Last weeks tutorial was about making a simple toon shader, but I felt like there’s still a lot to improve about it so this weeks tutorial is too. We’ll fix a thing, and add multiple steps to the lighting as well as a specular highlight. I recommend you to read the previous tutorial if you haven’t because this one is heavily based on it and expands its code.

Improved shadows for multiple lights.

If we have multiple lights in our scene we want them to all light up the light parts, but not have it change the areas where all of them have shadows. With the custom shadow color we have right now applied in the lighting function we also add the shadow color the more lights we have. This is also critical because point lights will add lighting in a weird square shape that we definitely don’t want.

The easiest fix for this is to add the shadow color in a way that only adds it once everywhere on the model and then use black as the shadow color in the lighting function.

There are 2 ways to do that. Either we set the ambient color in the lighting settings to the color we want our shadows to be in, or we set the ambient color to black and add the shadow color to the emissive value. I’ll do the second solution here because it allows us to set a custom shadow color per material, but feel free to use the ambient color solution if you want to change the color of all shadows at the same time.

We start by setting the ambient color to black in the lighting settings. Then we also disable environment reflections and global illumination. I recommend you do this in general if you want greater control over your lighting and you want a “clean” look.
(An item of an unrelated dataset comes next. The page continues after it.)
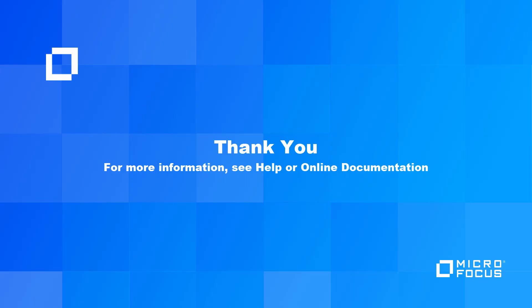For more information on the Dashboard feature, refer to the Help or online documentation. Thanks for watching.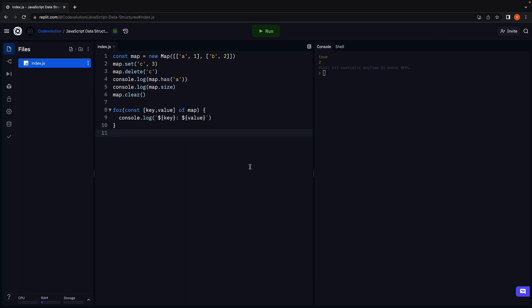Alright, I hope you now have a fundamental understanding of the built-in data structures in JavaScript. Let us now move ahead with the core part of the series which is custom data structures, and we are going to start with the stack data structure in the next video. Thank you for watching, please do consider subscribing to the channel and I'll see you in the next one.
Then we move the shadow color to the emission of the material instead of the lighting function. We calculate it just like before by multiplying the albedo color of the object with the shadow color property. Then to use it we simply add it to the emissive color. Now that we implemented this we don’t have to set the color in the lighting function anymore. In the line where we used it to interpolate from the shadow to the light color we can now remove the lerp function and simply multiply the light intensity by the albedo.
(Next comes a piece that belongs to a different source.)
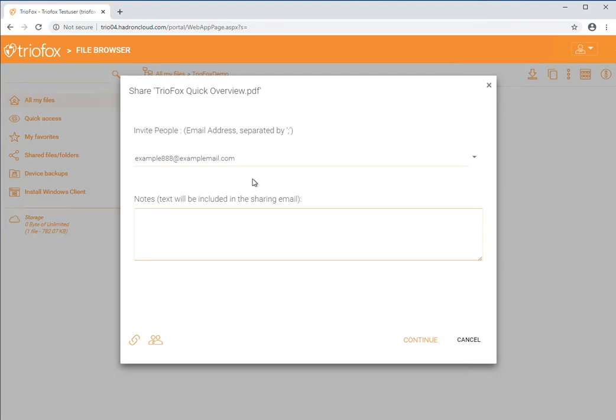Input the email address of the person or persons you wish to share the file with, as well as any notes you want sent with the email, and click continue.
//the surface shader function which sets parameters the lighting function then uses
void surf (Input i, inout SurfaceOutput o) {
    //sample and tint albedo texture
    fixed4 col = tex2D(_MainTex, i.uv_MainTex);
    col *= _Color;
    o.Albedo = col.rgb;

    float3 shadowColor = col.rgb * _ShadowTint;
    o.Emission = _Emission + shadowColor;
}
float4 color;
color.rgb = s.Albedo * lightIntensity * _LightColor0.rgb;
color.a = s.Alpha;
return color;

This technique works really well for dark shadow colors, but if we want the shadow color to be very strong we we always have the light tinted in the shadow color. There are ways to avoid that but they have their own disadvantages, so I won’t get into them here (write me if you’re curious).

Multiple Steps

So far we only have a single hard cut for the lighting. Another option is to have several of those. Having more steps can give the model more plasticity while still looking clean, but it’s important that you consider what fits your style best.
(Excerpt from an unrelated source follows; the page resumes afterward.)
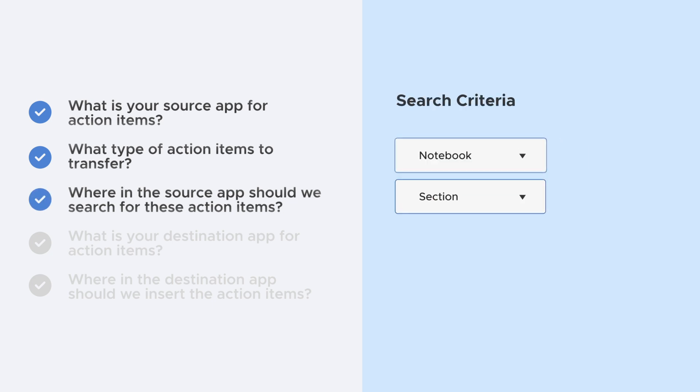Three: Where in your source app should we search for action items? Filter by notebook and section.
To make multiple steps we divide the towardsLight variable by the relative width of a single step. We’ll make that a property to edit. By dividing it, the variable will become higher and span more whole numbers. If we pass 0.5 as the relative width, it’ll go from 0 to 2 (in the area towards the light, we’ll ignore the backside for now), for a width of 0.25 it’s from 0 to 4 etc. We can then use this stretched variable to generate hard steps with the ceil function to force it to whole values. After we have whole values we divide it again, this time by another property which represents the amount of steps we want to show. The values will still be negative for the values on the shadow side and might go over 1 if we have a few narrow cuts, so we then clamp it between 0 and 1 by passing it though the saturate method. After those steps we can use it as the light intensity.

Properties {
    [Header(Base Parameters)]
    _Color ("Tint", Color) = (1, 1, 1, 1)
    _MainTex ("Texture", 2D) = "white" {}
    [HDR] _Emission ("Emission", color) = (0 ,0 ,0 , 1)

    [Header(Lighting Parameters)]
    _ShadowTint ("Shadow Color", Color) = (0.5, 0.5, 0.5, 1)
    [IntRange]_StepAmount ("Shadow Steps", Range(1, 16)) = 2
    _StepWidth ("Step Size", Range(0.05, 1)) = 0.25
}
//our lighting function. Will be called once per light
float4 LightingStepped(SurfaceOutput s, float3 lightDir, half3 viewDir, float shadowAttenuation){
    //how much does the normal point towards the light?
    float towardsLight = dot(s.Normal, lightDir);
    towardsLight = towardsLight / _StepWidth;
    float lightIntensity = ceil(towardsLight);
    lightIntensity = lightIntensity / _StepAmount;
    lightIntensity = saturate(lightIntensity);

    //shadow etc...

This already works pretty well now, but we have lost our antialiasing with that conversion, so we have to implement that again. We do this by interpolating to the next lower step in the first pixels of each step. This addition has to happen between the line where we ceil the value to a whole number and the line where we divide it by the amount of steps. We first get the change of how much it points towards the light with the fwidth function, then we do a smoothstep again from 0 to the amount the change in one pixel. But instead of using the towards light variable as the value to check against, which would only smooth the first step towards the shadowed area, we use the fractional part. This way we’ll get the smoothing for every single step. Once we have that smoothing variable which masks out the first few pixels, we add it to the intensity. Because this smoothing is 0 at the very beginning and 1 for most of the area of the step, this will make the material appear too bright. The easy way around that is to change the ceil method we used earlier to a floor which is basically the same, just one whole value lower.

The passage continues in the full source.